Your objective
Excluding pictures, transcribe precisely the lines from the one containing "Moisturizing Lip Oil" to the final line of the listing below, inclusive, and nothing more.

□ □ □ □ □

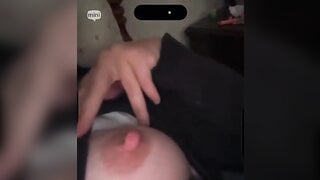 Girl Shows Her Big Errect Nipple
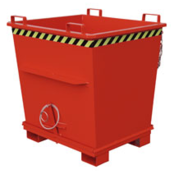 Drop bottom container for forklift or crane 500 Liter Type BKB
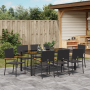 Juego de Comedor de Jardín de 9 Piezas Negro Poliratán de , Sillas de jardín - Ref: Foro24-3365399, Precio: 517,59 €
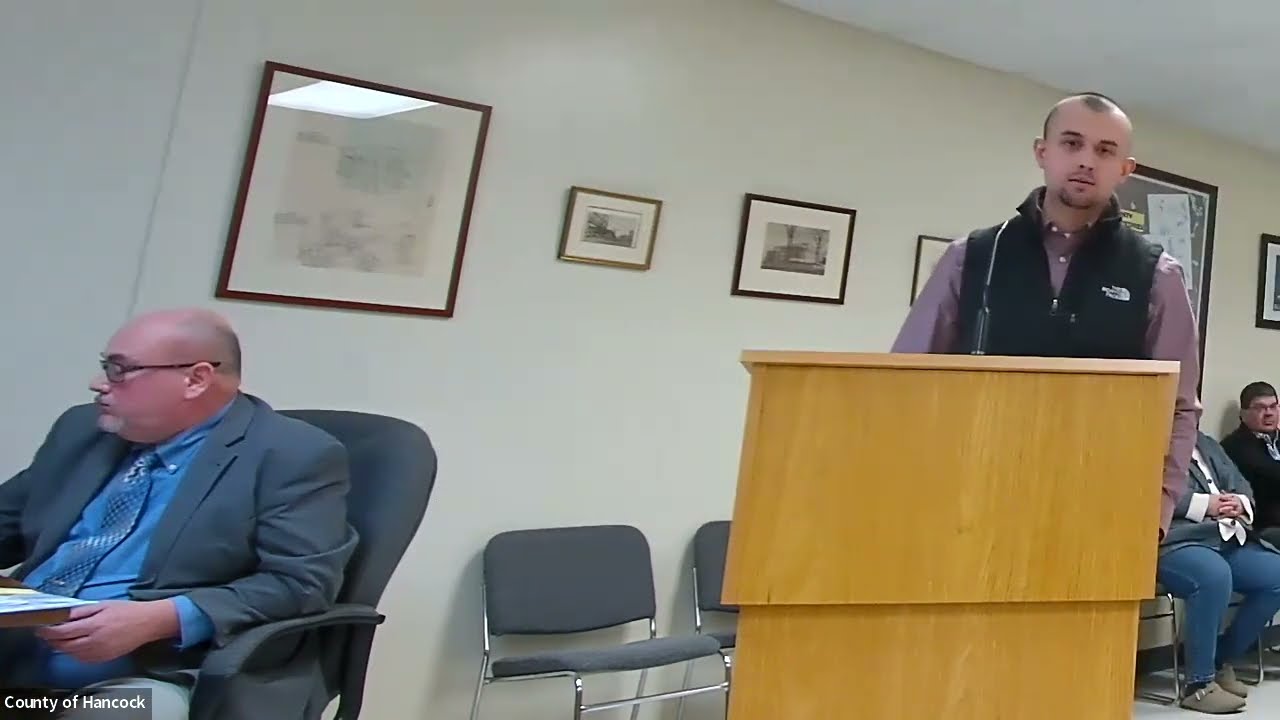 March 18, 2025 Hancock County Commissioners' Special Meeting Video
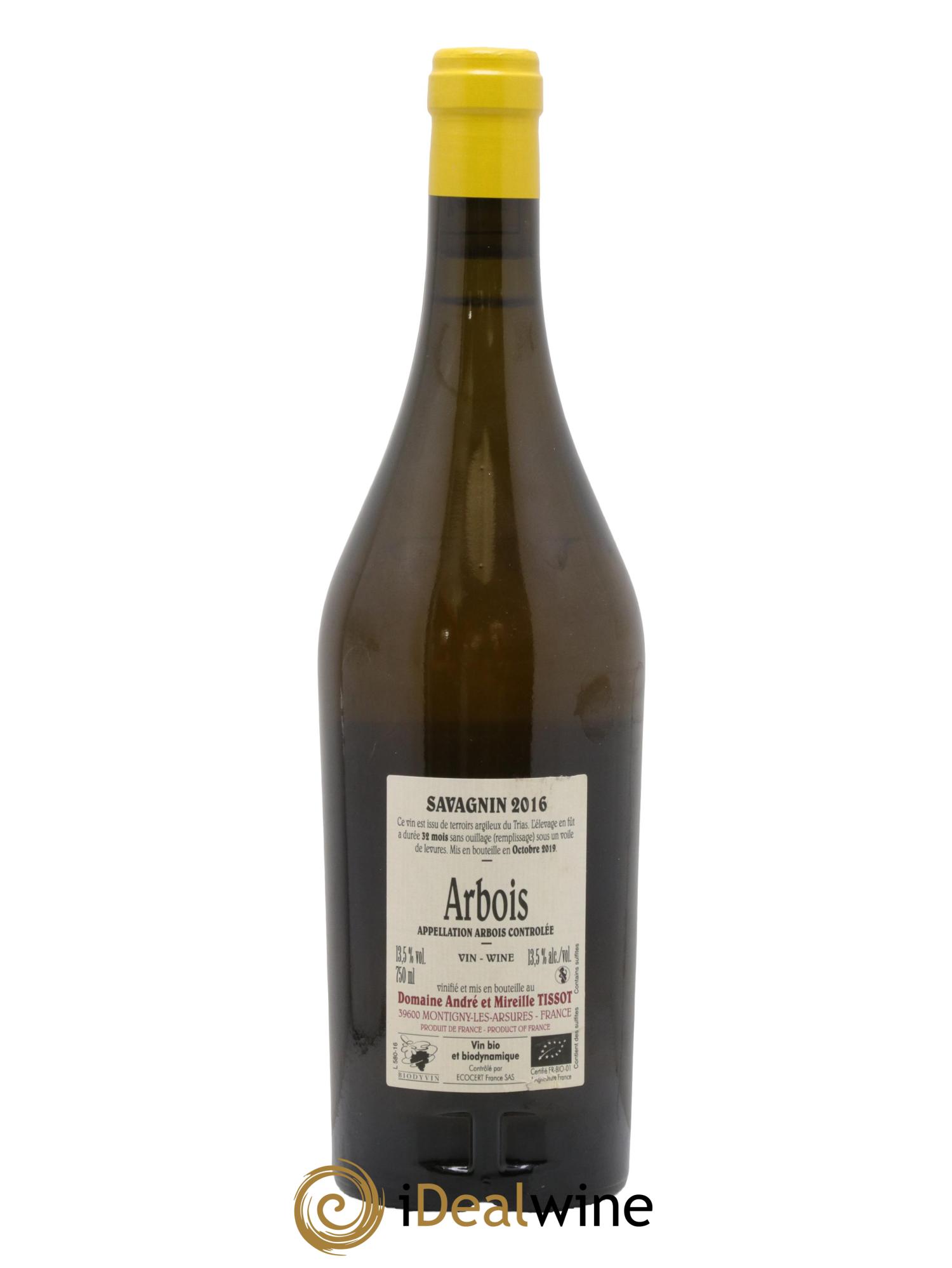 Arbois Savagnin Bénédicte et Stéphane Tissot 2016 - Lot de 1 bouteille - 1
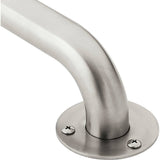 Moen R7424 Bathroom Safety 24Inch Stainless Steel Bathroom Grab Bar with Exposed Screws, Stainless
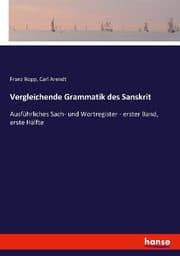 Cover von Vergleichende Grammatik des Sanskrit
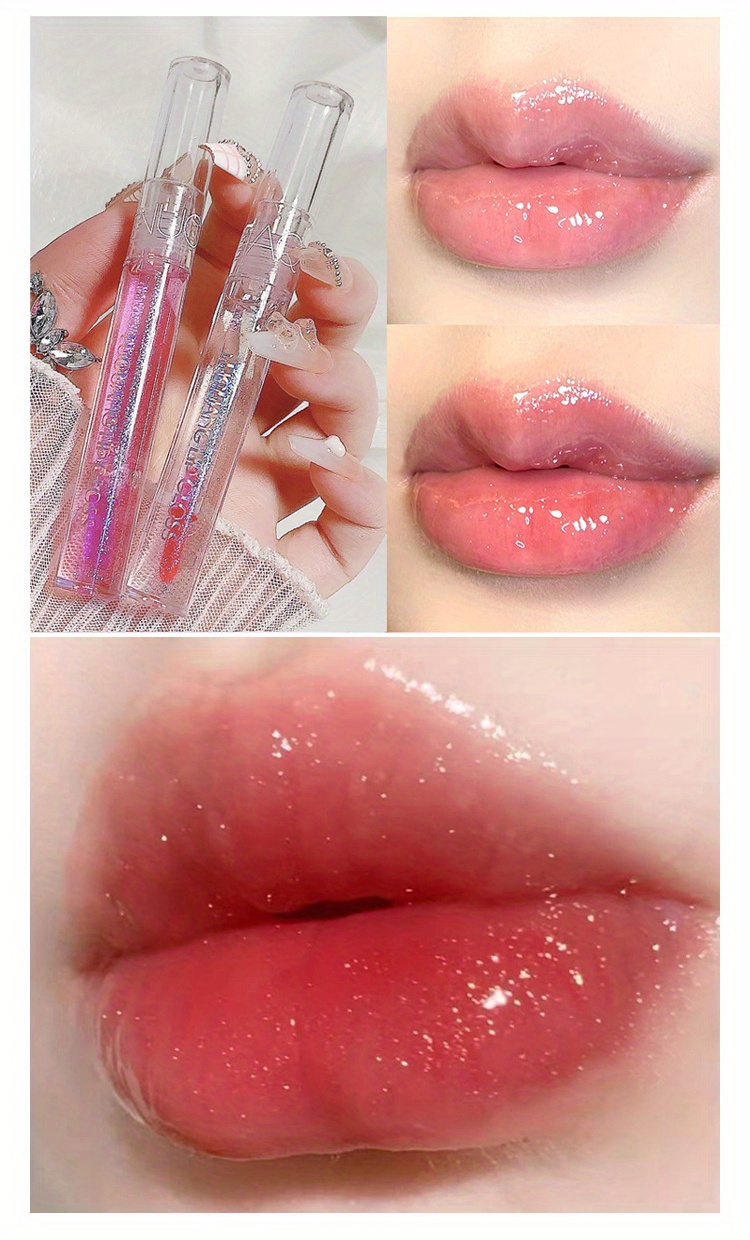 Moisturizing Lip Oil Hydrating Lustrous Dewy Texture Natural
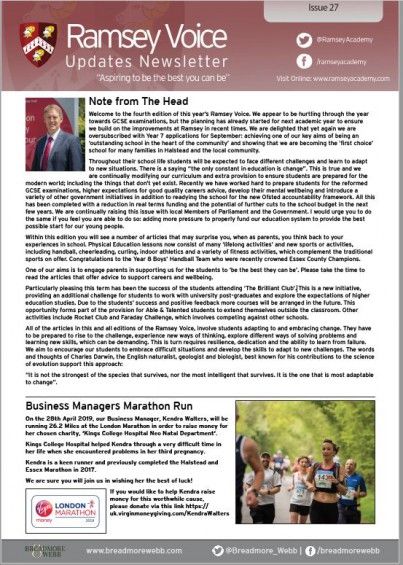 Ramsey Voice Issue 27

□ □ □ □ □

Answer for the task
 Moisturizing Lip Oil Hydrating Lustrous Dewy Texture Natural
 Ramsey Voice Issue 27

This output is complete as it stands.